Juan Buades, del Grupo de Investigación en Sostenibilidad y Territorio (GIST), piensa que “el verdadero problema es que la declaración que salió de la Conferencia deja prácticamente inalterado el contenido y las medidas adoptadas en el Protocolo de Kyoto, como por ejemplo que el cambio climático tiene que atacarse a través de mecanismos neoliberales como el ‘Mercado de Carbono’ o la Reducción de Emisiones por Deforestación y Degradación (REDD).
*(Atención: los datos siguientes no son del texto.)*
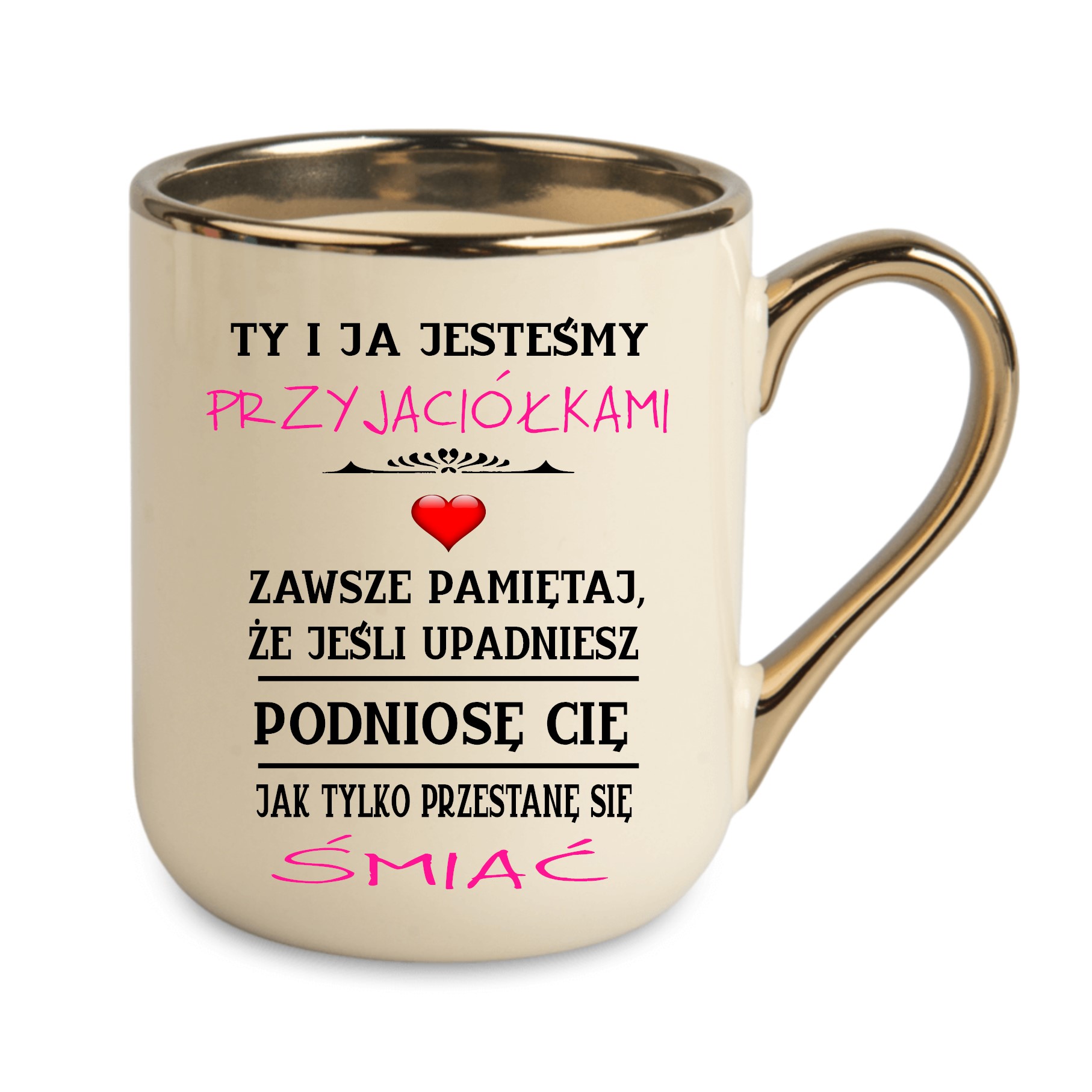 kremowo - złoty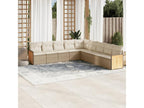 Beige Woven Resin Wicker Outdoor Furniture Set - dlz1766456783408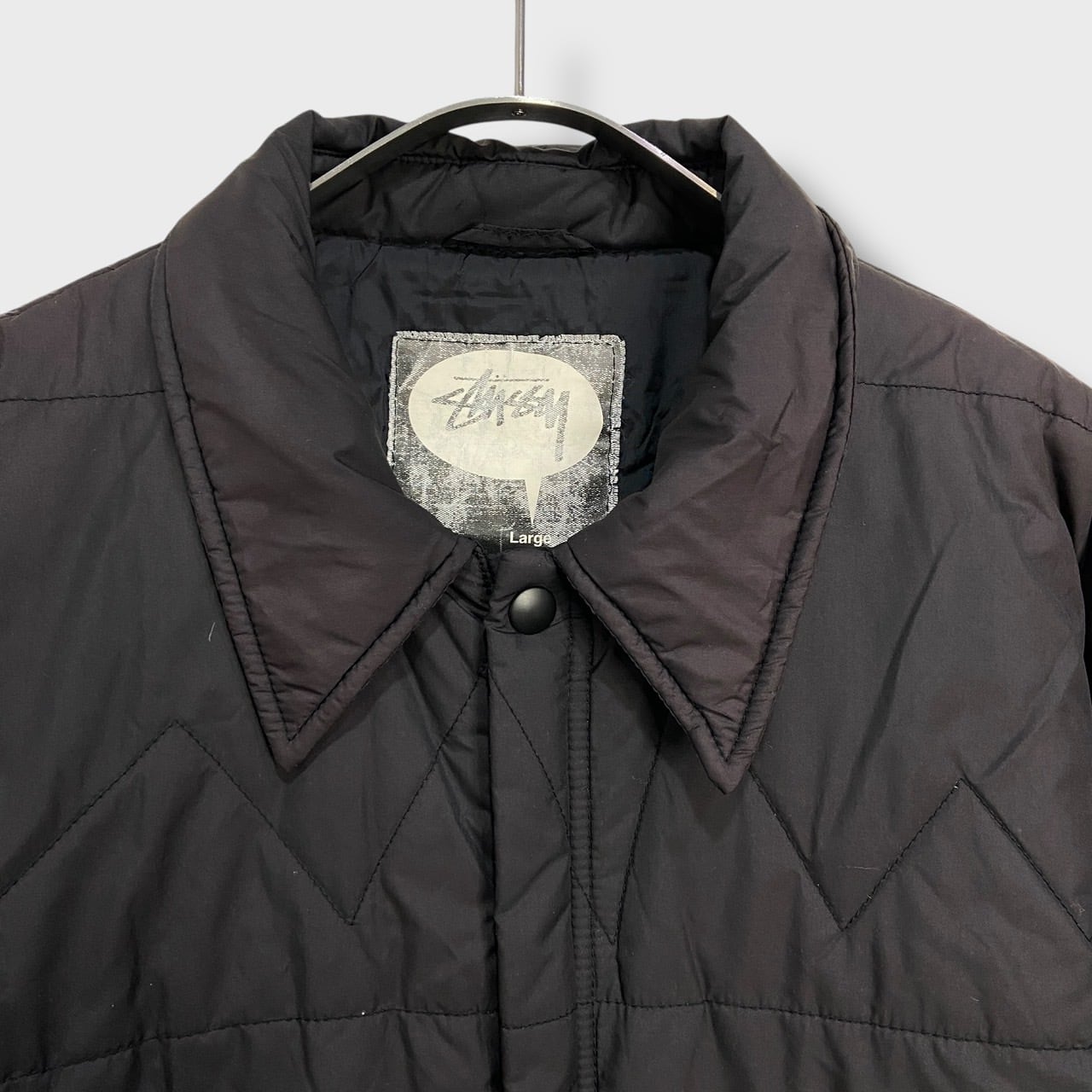 00s STUSSY オールドステューシー キルティングジャケット 00s STUSSY オールドステューシー キルティングジャケット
De manera muy concreta, este fracaso implica que hay regiones del planeta donde el aumento de la temperatura promedio superior a 1,5 grados centígrados hará desaparecer a varios Estados insulares en el 2050. Es por eso que todos los países de África, una parte de Asia y América Latina pretenden que haya una reducción sustancial de las emisiones de GEI antes de 2020, porque las consecuencias van a ser desastrosas y los costos altísimos”.

La posición de la UE ha sido irresponsable e hipócrita al apoyar el llamado “Acuerdo de Copenhague”, que ni es legalmente obligatorio ni tampoco resuelve la necesidad de financiación de las medidas para la supervivencia en los países más afectados por el calentamiento global. Además, la presidencia danesa de la COP15 ha violado permanentemente los principios de Naciones Unidas. Desde el primer día que presentó un borrador que nadie sabía dónde había salido, apostó por reuniones secretas y cerradas, un proceso no transparente, lo que generó desconfianza entre los países. Asimismo excluyó la mayoría de la sociedad civil acreditada de las negociaciones en la segunda semana de la cumbre. Se denunció que los observadores de las ONG “han sido reprimidos duramente cuando únicamente cumplían con su cometido y compromiso social”.
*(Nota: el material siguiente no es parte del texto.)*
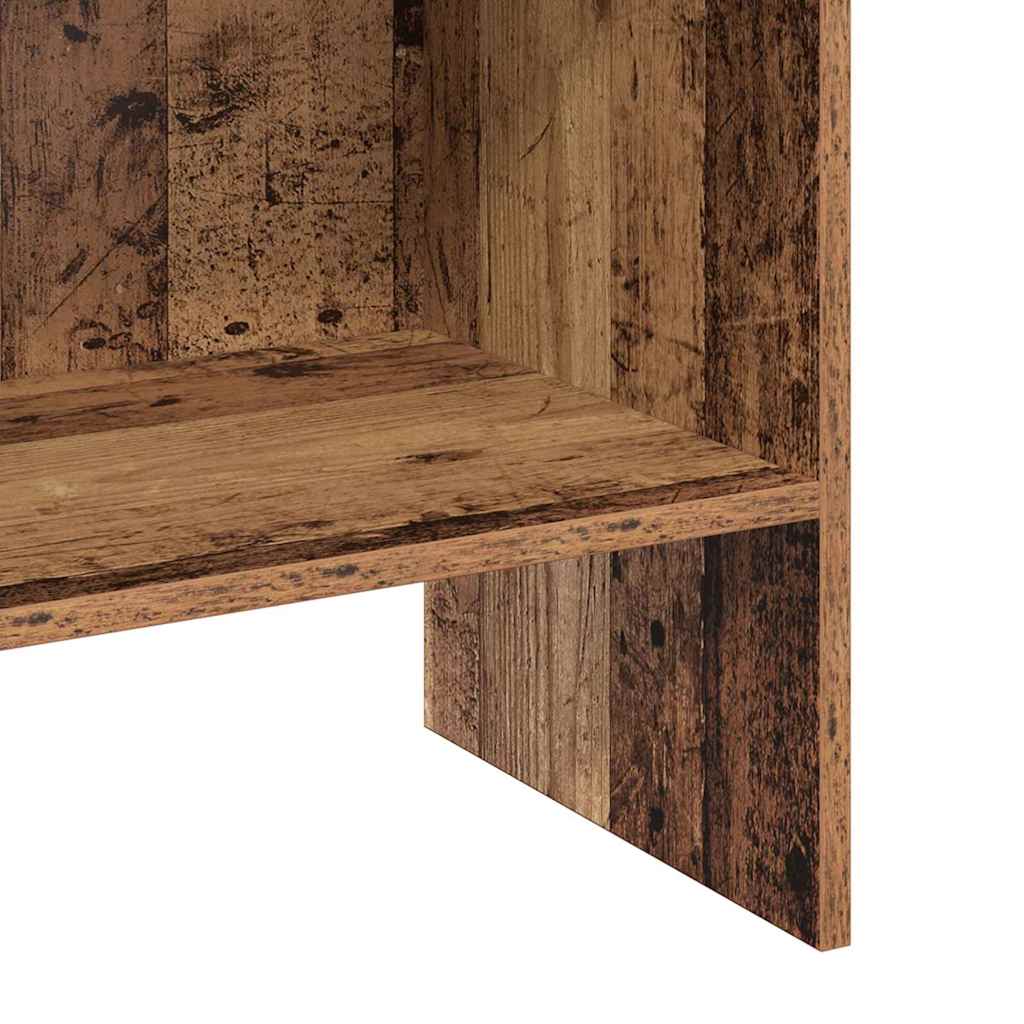 vidaXL Szafka na książki Stare drewno 40 x 35 x 180 cm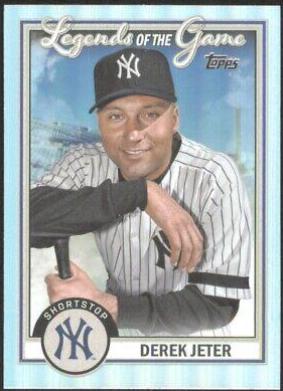Derek Jeter #LG-1 Baseball Cards 2023 Topps Legends of the Game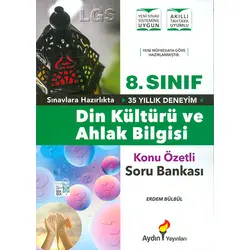 8.Sınıf Din Kültürü Konu Özetli Soru Bankası Aydın Yayınları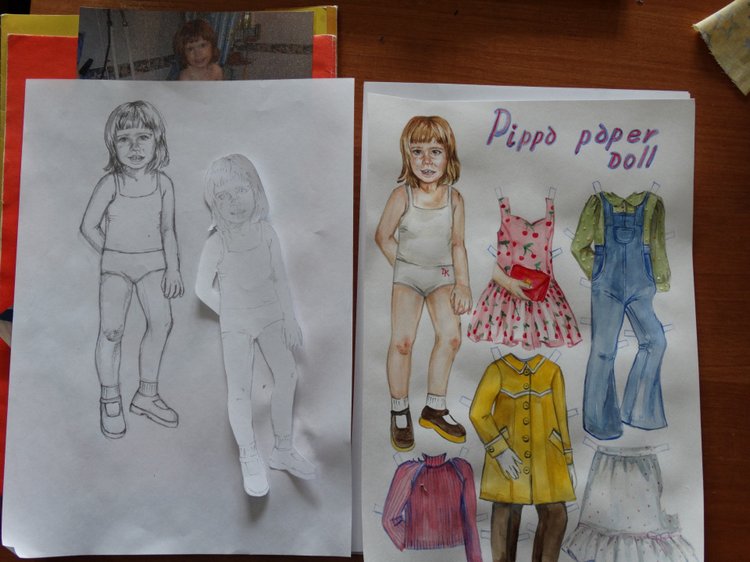 Очень маленькая кукло-встреча. Или ода бумажным куклам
El documento final habla de un “compromiso de los países desarrollados para proveer recursos nuevos y adicionales”, sobre todo en relación a evitar emisiones de la deforestación y degradación de bosques (REDDplus), con la idea de convertir los últimos ecosistemas naturales en espacios privatizados para el mercado de carbono, y de inversiones a través de las instituciones internacionales, de un total de 30.000 millones de dolares en el periodo 2010- 12. En 2020 se pretende movilizar incluso 100.000 millones de dolares cada año para los países empobrecidos, provenientes de “una amplia variedad de fuentes, público y privado, bilateral y multilateral, incluyendo fuentes alternativas de finanzas”. Intenciones muy peligrosas que pueden albergar una nueva especulación financiera en los mercados internacionales de comercio de carbono y la generación de nuevas deudas ilegítimas para los países del Sur.

En definitiva, el fracaso de la COP-15 nos ha situado ante un escenario político nuevo. Ha fracasado definitivamente el “multilateralismo” basado en la dominación de las grandes potencias geopolíticas como Estados Unidos y la Unión Europea, y crece el número de países que ya no se dejan chantajear por un G-7 o G-20. El carácter multilateral de la Convención Marco y la participación igualitaria de todos los países del mundo, independientemente de su poder, tamaño o capacidad de influencia, se encuentra en peligro. Y se ha evidenciado que la lucha contra el cambio climático sólo es viable a partir de un cambio del sistema económico y debe articularse liderado por los movimientos populares y los afectados. En consecuencia, resulta esencial desarrollar enfoques alternativos a las políticas climáticas hasta ahora dominantes, sobre todo en el seno de la “sociedad civil”. Pero se plantea la pregunta: ¿los movimientos sociales somos capaces de conseguir un acuerdo internacional, vinculante, justo y urgente sin la Convención Marco de Naciones Unidas?